Chris Wattie / Reuters
Chris Wattie / ReutersLiberal MP Scott Brison.
He referred specifically to the Quebec agreement, under which the Caisse, Canada’s second-biggest pension fund manager after the CPP, agreed to take on ownership of selected government infrastructure projects, which it will plan, finance, execute and operate. In effect the province is privatizing projects before they’re built, but always with the same owner.

As Mr. Brison noted, pension funds often invest in infrastructure such as toll roads, airports or other revenue-generating projects. They are seen as less risky and more predictable than financial markets. As the National Post editorialized recently, there is no problem with this as long as the fund has the ability to operate wholly independent of the government, and is able to make decisions based solely on their potential to generate a maximum return for the pensioners it serves. But there’s real reason to doubt this would be the case in the Liberal scheme.

Pension plans exist for the benefit of the pensioners, not for governments in search of cheap and easy capital pools.
The Caisse has long had a close and co-operative relationship with the government, unique among Canadian provinces. Other provinces should be wary of adopting a similar practice. Ontarians already have reason to be concerned at Ms. Wynne’s plan to introduce a new Ontario-only retirement plan, which her government says could be used to provide capital for “Ontario-based projects.”

Pension plans, it needs to be repeated, exist for the benefit of the pensioners, not for governments in search of cheap and easy capital pools. While Mr. Trudeau will no doubt insist his Liberals would maintain a strict hands-off approach to the CPP, allowing it to make investment decisions free from government influence, recall that previous Liberal governments also pledged to abolish the GST, enforce the Kyoto protocol and create a national daycare system. None of which came to pass. Governments routinely break promises made while out of power, particularly where finances are concerned. There is no reason to believe Mr. Trudeau’s Liberals would be any different.

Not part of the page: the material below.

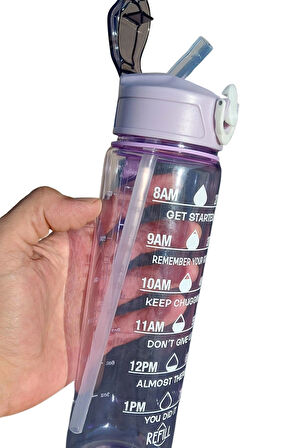 750ml Pipetli Sızdırmaz Plastik Sporcu Öğrenci Motivasyon Matarası Şişesi Suluğu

Opponents long claimed Prime Minister Stephen Harper harboured a “hidden agenda.” Now we know the Liberals are the ones with the covert plan: to use Canadians’ pensions as a handy means to finance election promises. Canadians considering a vote for Mr. Trudeau may want to consider whether they’re willing to bet their retirement income on him.

Billythreefeathers
01-23-2015, 04:12 PM
Please let this be part of the liberals election platform, to fund everything they can think of,

Edward Teach
01-23-2015, 04:55 PM
Ummm...for him to have a hidden agenda, that would mean he would actually have to have...an agenda.

conger
01-26-2015, 09:12 AM
I don't think it's exactly a "hidden" agenda. This kind of financial management is typical liberal.
Chretien had already gone after the CPP when he was PM and pissed away a big chunk of the fund in bad investments.
Liberals will do what they have always done. Spend our money on a bunch of feel good stuff to buy votes, build a bigger government with lots more bureaucrats and sink us deep into debt. History repeats.

Swampdonkey
01-26-2015, 10:27 AM
Canada needs Ross Perot.

Foxer
01-26-2015, 10:36 AM
I don't think a lot of people will be comfortable with this. And i'm seriously doubting that it will be seen as 'great economic stratagey'. Worse off, it's complex. It's difficult to explain complex financing and such to an electorate during a 6 week election. It's very easy for people to say "there's too much I don't know - i'm not comfortable with this at all".